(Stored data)
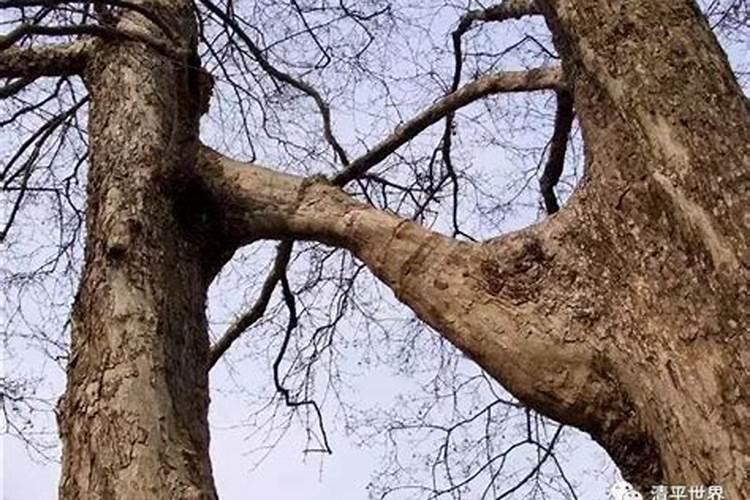 兰花怎么养护出粗壮的新芽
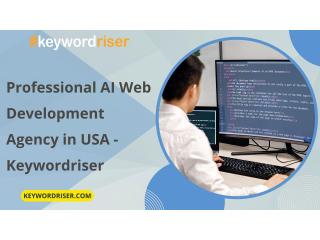 Professional AI Web Development Agency in USA - Keywordriser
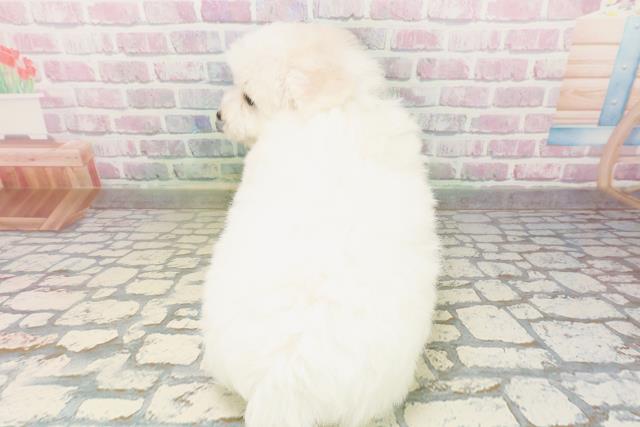 新潟県のビションフリーゼ (Coo&RIKU上越店/2026年4月26日生まれ/男の子/ホワイト)の子犬の4枚目の画像
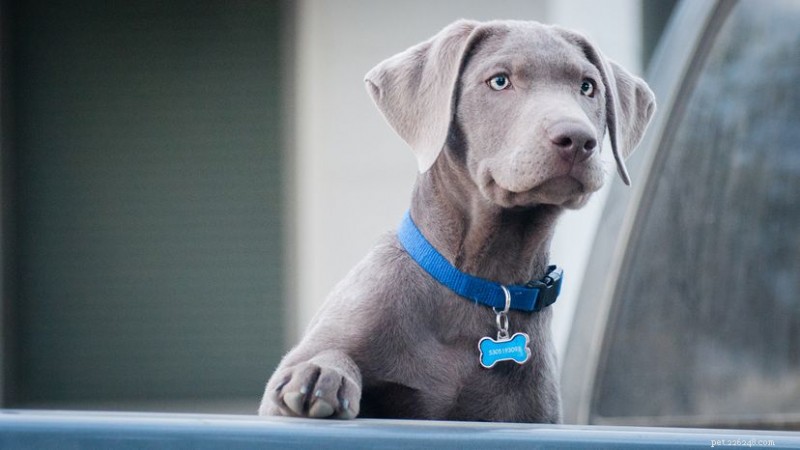 Why Two‑Syllable Names Are the Most Popular for Dogs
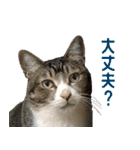 うちの猫ガボとゴブのスタンプその2（個別スタンプ：24）
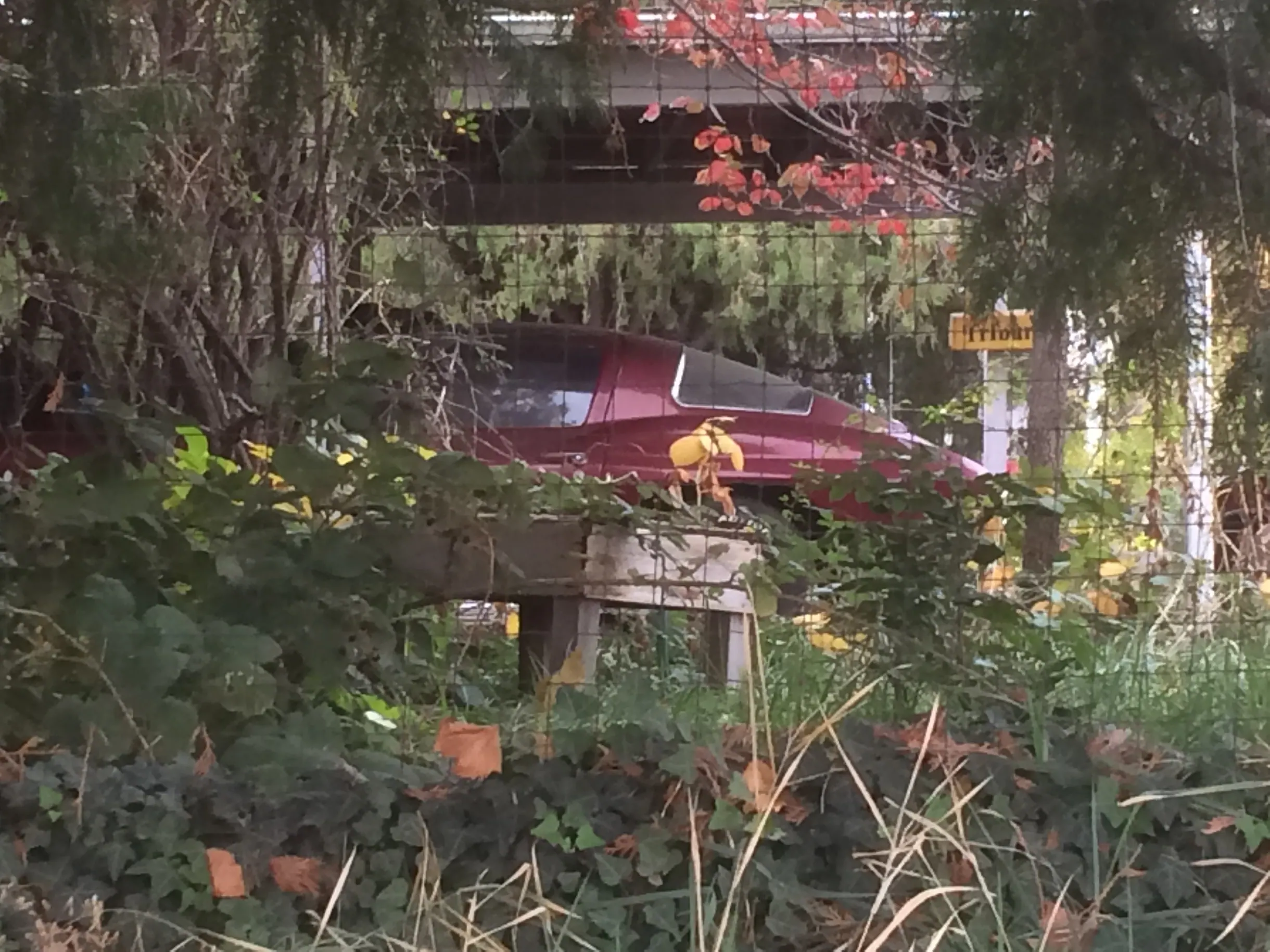 1966 Corvette Barn Find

* **EXERCISE BRIEF**:
Extract the entries in full, exactly as they are, minus the pictures.

* **WRITTEN REPLY**:
 兰花怎么养护出粗壮的新芽
 Professional AI Web Development Agency in USA - Keywordriser
 新潟県のビションフリーゼ (Coo&RIKU上越店/2026年4月26日生まれ/男の子/ホワイト)の子犬の4枚目の画像
 Why Two‑Syllable Names Are the Most Popular for Dogs
 うちの猫ガボとゴブのスタンプその2（個別スタンプ：24）
 1966 Corvette Barn Find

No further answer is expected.